India’s biggest PSUs sale plan to attract China-wary oil majors

India’s biggest PSUs sale plan to attract China-wary oil majors

Many nations, including the US are coming together to counter China’s growing threat to global trade, security and human rights.

New Delhi: The growing disquiet over China could see oil investors headed to India, said a top executive at a refiner that Prime Minister Narendra Modi’s government has put up for sale.

“The choices of investing in oil sector will be limited when the world becomes normal and India will be the only happening alternative,” N. Vijayagopal, finance director at Bharat Petroleum Corp. said in an interview from Mumbai. “Most of the Western countries will be very afraid of getting into China. So, where else they can go?”

Many nations, including the U.S. are coming together to counter what they say is China’s growing threat to global trade, security and human rights. That gives an opportunity for India to attract investments and push some of its state-run assets such as Bharat Petroleum, known as BPCL, to global investors when the world emerges from the coronavirus pandemic.

“Global companies are cutting down on capex, preserving cash now, but Exxon Mobil, Shell, BP or Saudi Aramco aren’t going to perish,” Vijayagopal said. “When they come back after demand picks up, they would have cash available with them to invest.”

India, the world’s third-biggest oil consumer with a population of over 1.3 billion, offers an attractive alternative to China for big oil companies looking for a stable market to expand.

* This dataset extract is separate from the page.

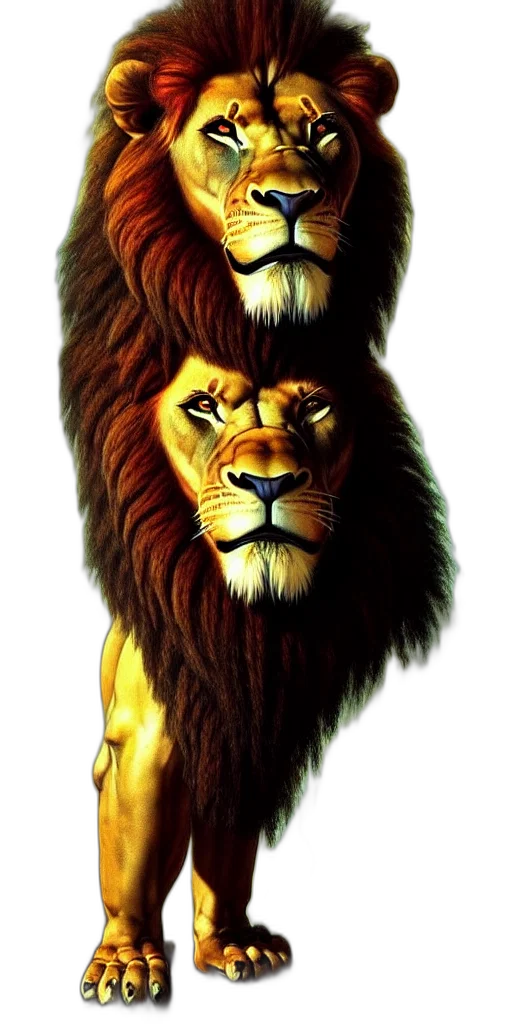 animal, crown, staff, photorealistic transparent PNG cut-out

Some have already indicated interest in BPCL.

Still, almost every big oil company from Exxon Mobil Corp. to Royal Dutch Shell Plc have investments across China’s energy chain, with newer commitments coming in from companies such as Saudi Aramco to tap the world’s biggest energy consumer.

In India, a nation feted for its ever-rising oil appetite, fuel demand took a major hit from a national lockdown, declared in March, to control the virus outbreak. However, a series of relaxations helped it recover much of the lost demand within a short span although a return to growth is still a long way off.

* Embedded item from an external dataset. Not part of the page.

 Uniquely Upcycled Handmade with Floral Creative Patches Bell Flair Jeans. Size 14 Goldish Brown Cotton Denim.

Refineries, including BPCL, that had slashed processing are now ramping up capacities. “My refineries are running at almost 83% of normal capacities and our sales were about 76% of normal sales in May,” he said. “So, there’s no reason for us to be pessimistic about our capability to come back to normal.”

Indian refiners, which came under the twin assaults of oil price volatility and demand destruction due to the pandemic, saw their share prices tumble. The value of BPCL was about $7.4 billion in early February has now fallen to about $5.7 billion.

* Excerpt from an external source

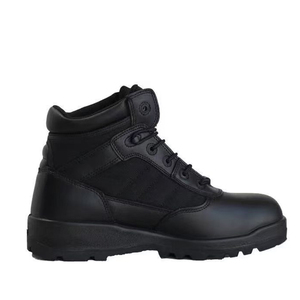 Bottes mi-hautes noires TSB21 en cuir pleine fleur de vache avec semelle extérieure moulée par injection, toutes saisons, unisexe, vente en gros - Product Image 5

Vijayagopal, however, doesn’t see that as a problem. Suitors will assess the company by its assets and resilience to jump back from the crisis, he said. The government, meanwhile, has deferred the deadline for submitting initial bids for the company twice to July 31 now.

BPCL is the third-biggest refiner in India and second-largest fuel retailer. It had a market share of 21% in the financial year which ended March 2019.

“When somebody gives a value, they are not going to give a value for six months,” he said. “We have a 100-year history and we will live for another 100 years as an energy company, even if petrol and diesel are not there.”